Maggs Presents at International Atlantic Economic Conference
Dr. Gary Maggs, professor of economics, recently presented a co-authored paper at the International Atlantic Economic Conference in Charleston, South Carolina.
The paper was titled, “Time Dependent Aggregate Demand,” and Maggs wrote it with Dr. Ben Kyer, an economics professor at Francis Marion University.
It considers the substantial role that time plays in influencing the response of aggregate demand for any given change in the economy’s price level. A standard dynamic neoclassical model is analyzed within various economic time frames in order to derive a number of outcomes which serve as a basis for better explaining the varying responses of aggregate demand for given changes in the price level. In this way, the response to time can be thought of as implicit to the analysis. This then allows for the characterization of aggregate demand as being dependent not only on the traditional collection of money and goods market parameters, but also on the passage of time. This recognition has not only theoretical implications but also provides a number of nuances relating to the short- and long-run effectiveness of monetary and fiscal policy in a dynamic economy.

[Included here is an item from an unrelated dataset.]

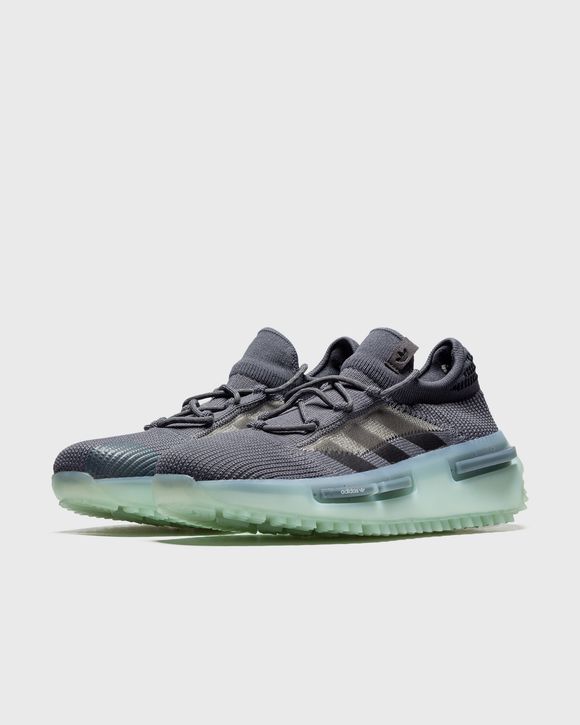 NMD_S1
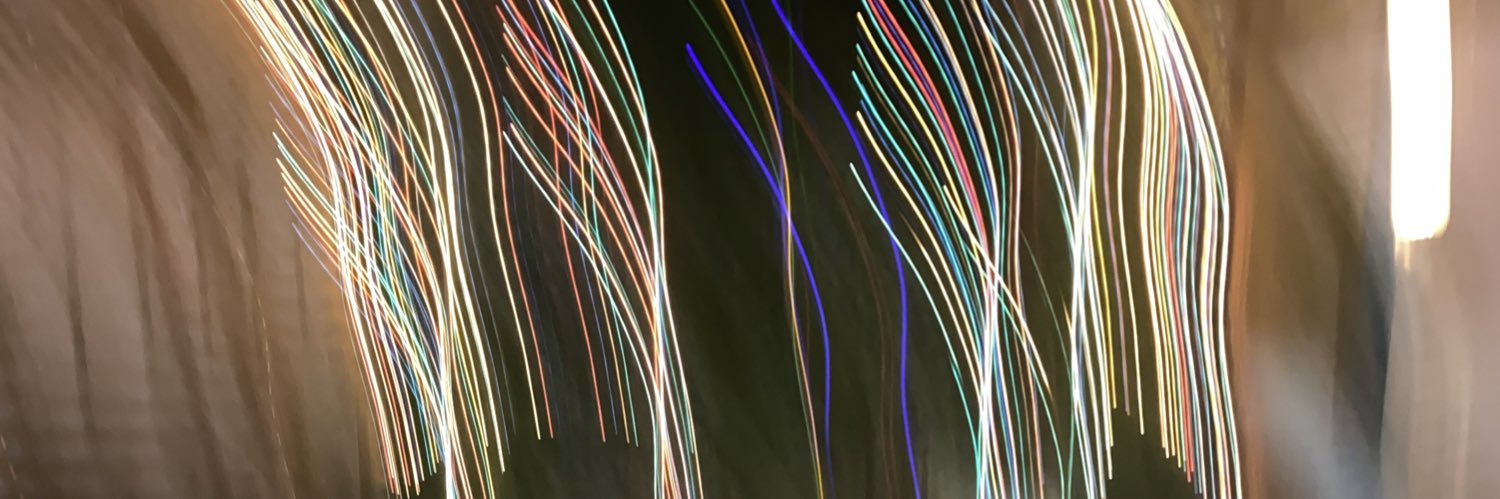 jupiter7345's profile banner image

Since the late 1980s, Maggs has been a consistent presenter at this conference, which is attended by hundreds of economists each year. He and Kyer also have a number of publications that have appeared in the Atlantic Economic Journal since their involvement with the conference began.
The conference is hosted by the International Atlantic Economic Society (IAES), which was founded in 1973. The society identified a need for increased communication among economists across continents. Well-known economists from around the world have participated in the IAES global exchange, including Nobel laureates and leading government officials. In fact, approximately 20 percent of IAES Presidents have been awarded the Nobel Prize in Economics. Through its publications and conferences, the society promotes the dissemination of economic and financial research within the international community.